## [EXERCISE AIM]
From the line with "Rick Steves the" to the line with "StarTech.com HKLP25GN Klettkabelbinder", output every line below exactly, both ends included. Skip the pictures.

BEGIN DATA EXCERPTS

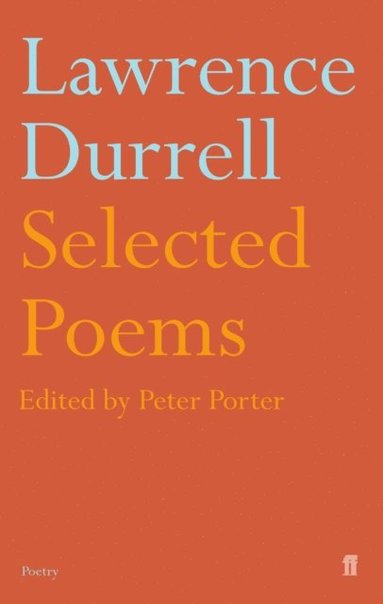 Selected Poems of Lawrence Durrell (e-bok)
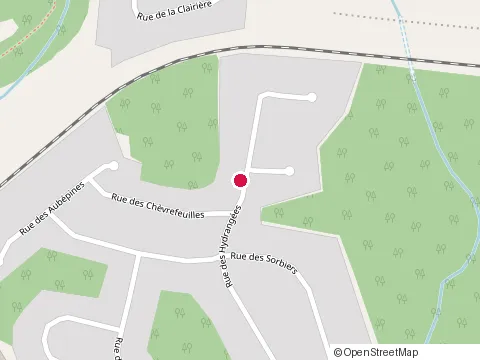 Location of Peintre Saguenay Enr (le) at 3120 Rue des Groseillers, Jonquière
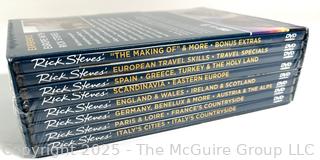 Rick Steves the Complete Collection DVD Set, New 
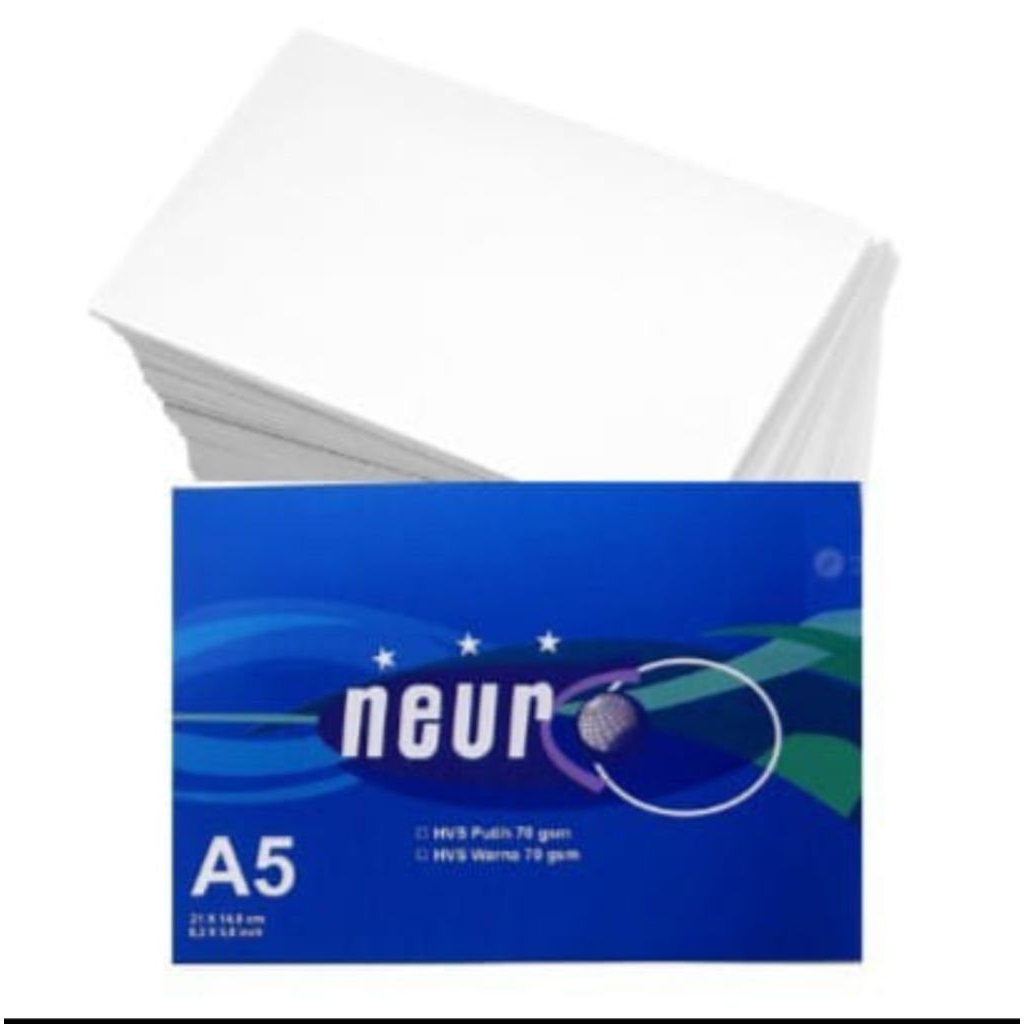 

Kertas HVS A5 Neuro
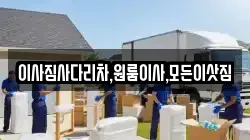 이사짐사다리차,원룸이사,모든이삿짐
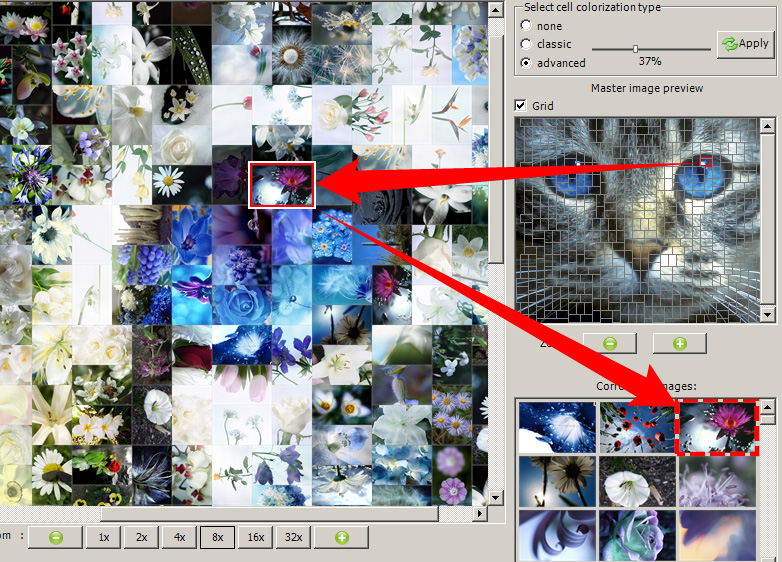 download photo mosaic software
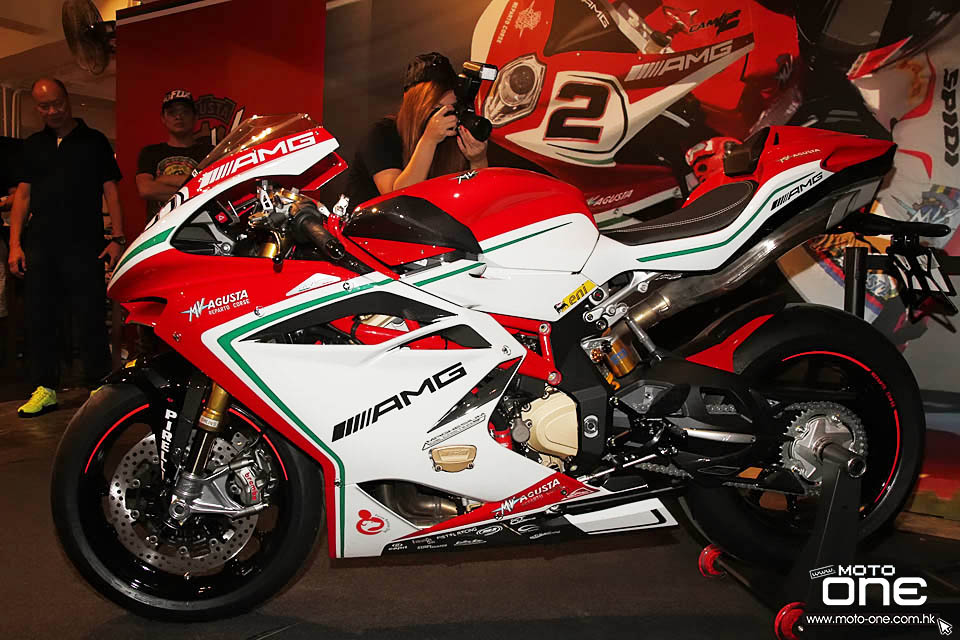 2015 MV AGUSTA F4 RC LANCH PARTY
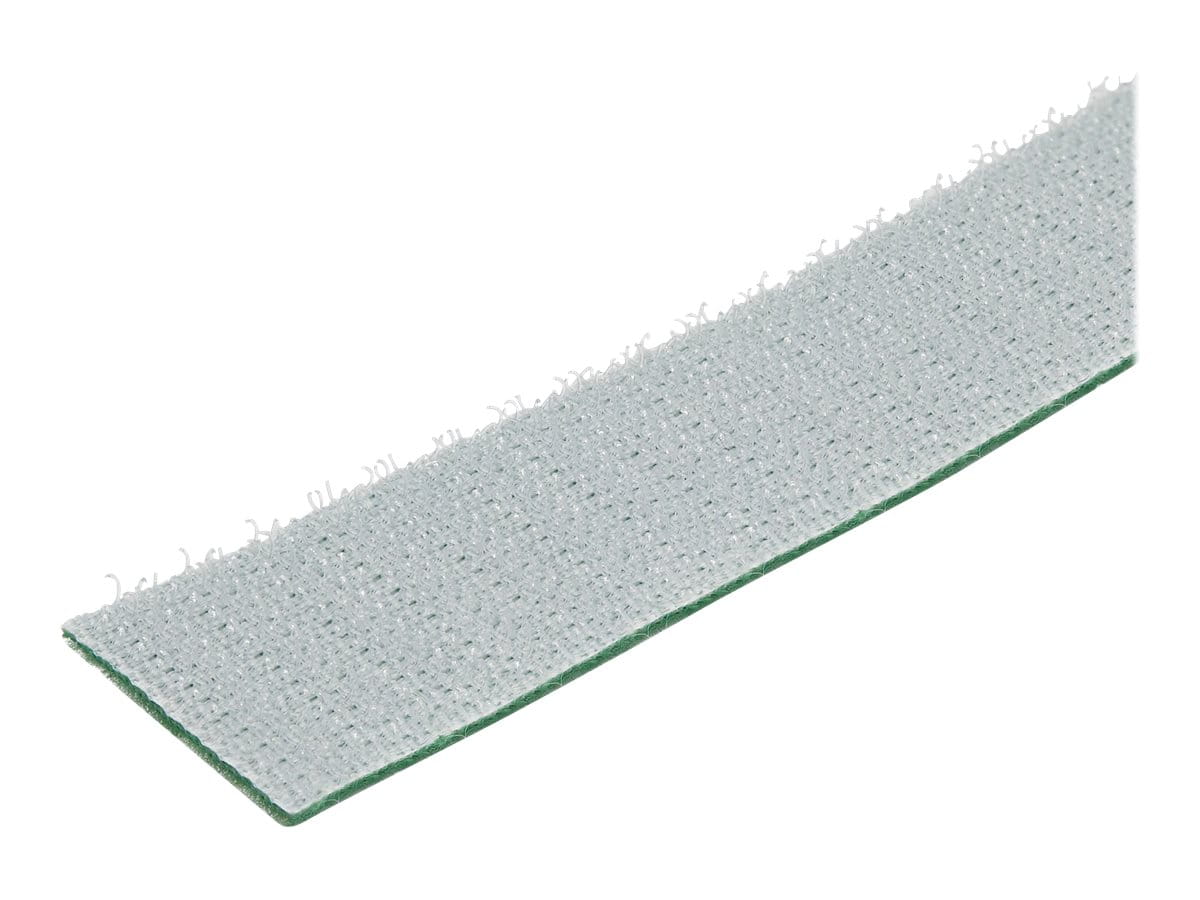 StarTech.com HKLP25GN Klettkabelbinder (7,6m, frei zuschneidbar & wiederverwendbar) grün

END DATA EXCERPTS
BEGIN DATA EXCERPTS

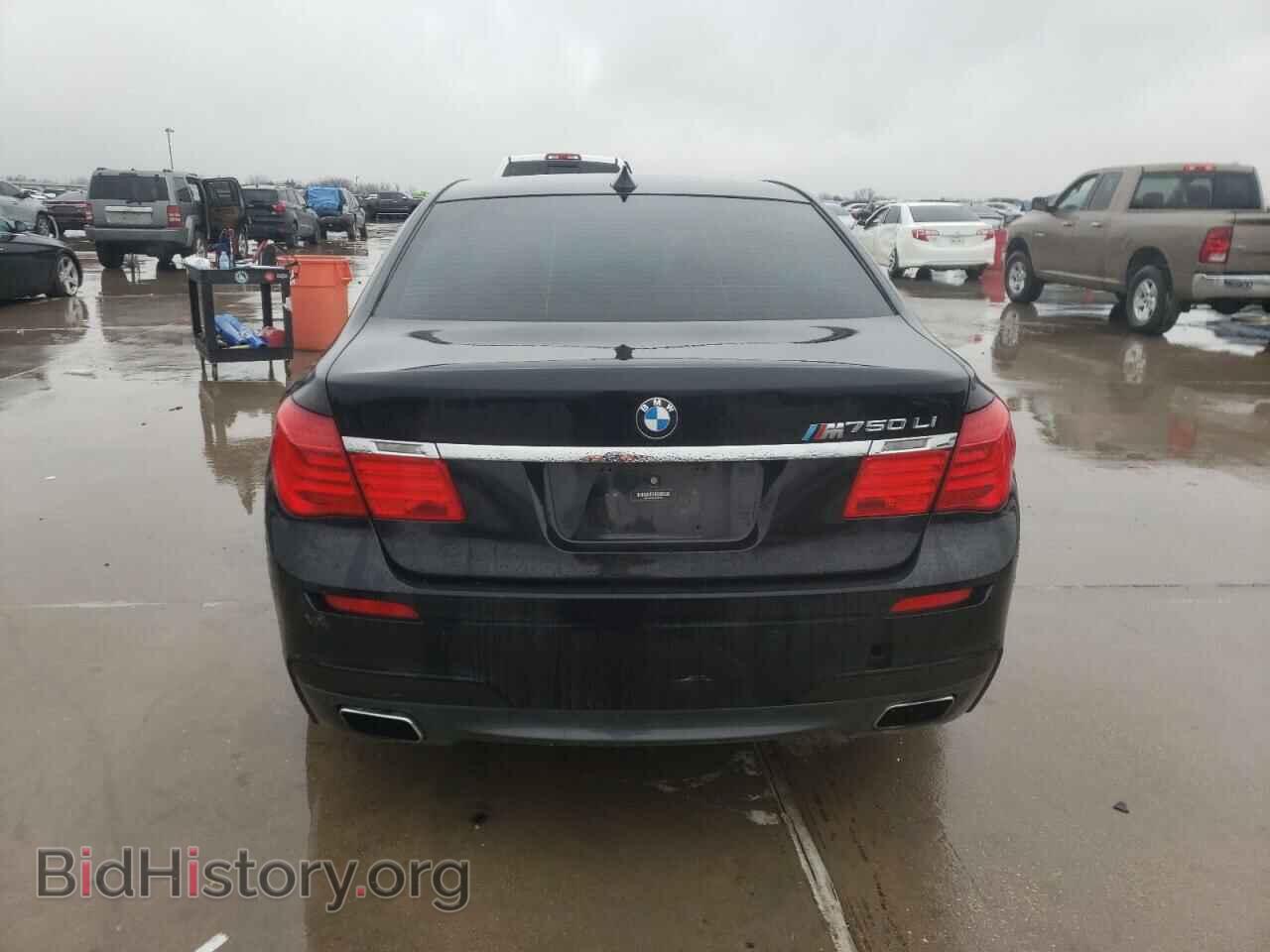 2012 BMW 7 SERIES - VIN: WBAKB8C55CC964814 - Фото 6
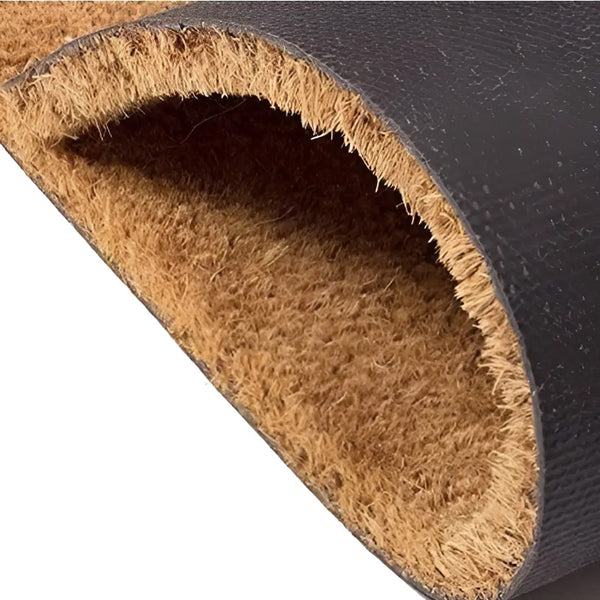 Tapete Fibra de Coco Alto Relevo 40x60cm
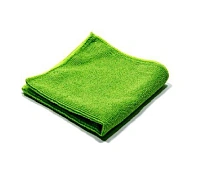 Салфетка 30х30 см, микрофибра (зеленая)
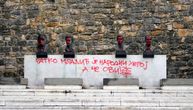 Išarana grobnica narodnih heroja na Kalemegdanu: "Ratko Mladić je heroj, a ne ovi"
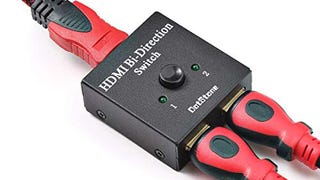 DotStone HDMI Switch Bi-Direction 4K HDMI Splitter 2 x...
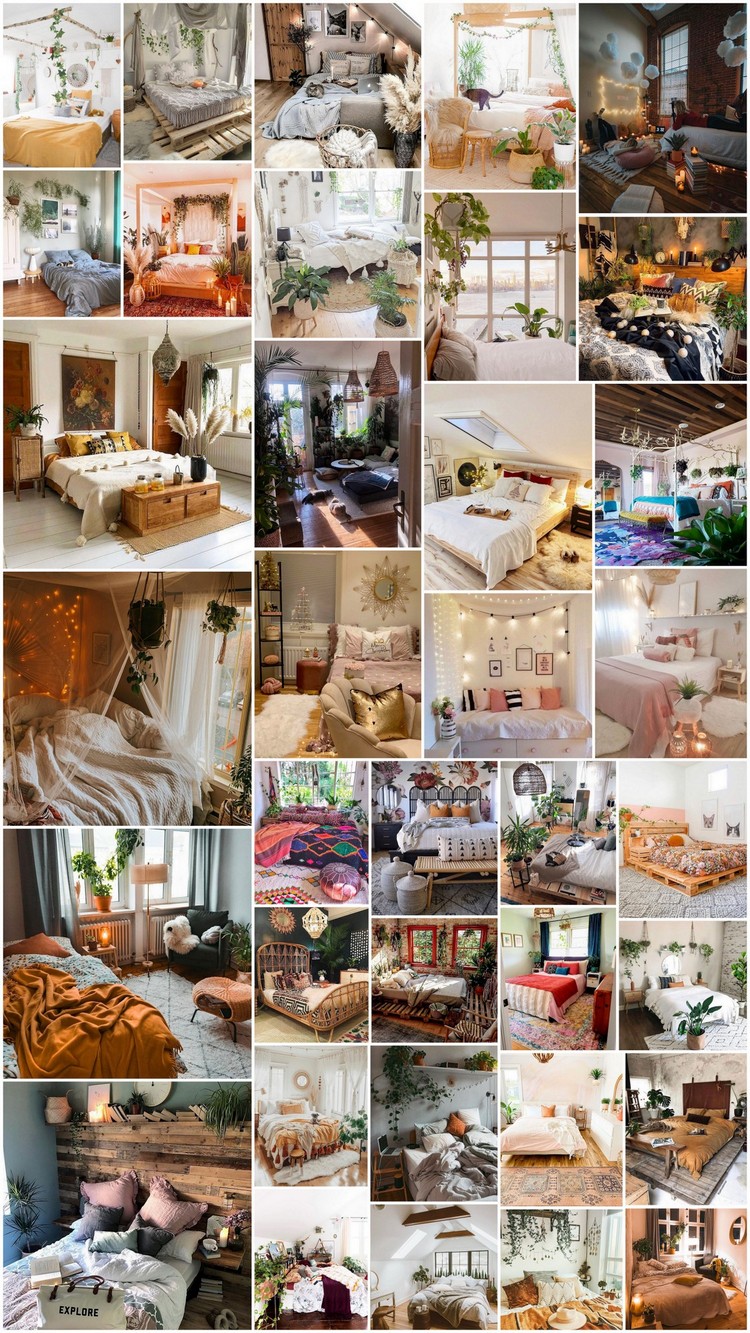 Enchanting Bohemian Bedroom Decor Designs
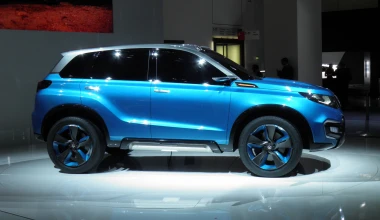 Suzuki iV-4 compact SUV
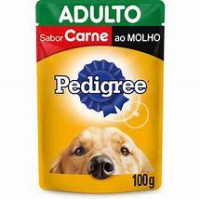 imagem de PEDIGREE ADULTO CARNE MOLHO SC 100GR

END DATA EXCERPTS
BEGIN DATA EXCERPTS

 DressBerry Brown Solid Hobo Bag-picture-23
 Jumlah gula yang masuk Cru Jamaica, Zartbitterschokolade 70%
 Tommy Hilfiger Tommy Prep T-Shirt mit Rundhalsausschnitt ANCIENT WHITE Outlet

END DATA EXCERPTS

## [RESPONSE AREA]
 Rick Steves the Complete Collection DVD Set, New 

Kertas HVS A5 Neuro
 이사짐사다리차,원룸이사,모든이삿짐
 download photo mosaic software
 2015 MV AGUSTA F4 RC LANCH PARTY
 StarTech.com HKLP25GN Klettkabelbinder (7,6m, frei zuschneidbar & wiederverwendbar) grün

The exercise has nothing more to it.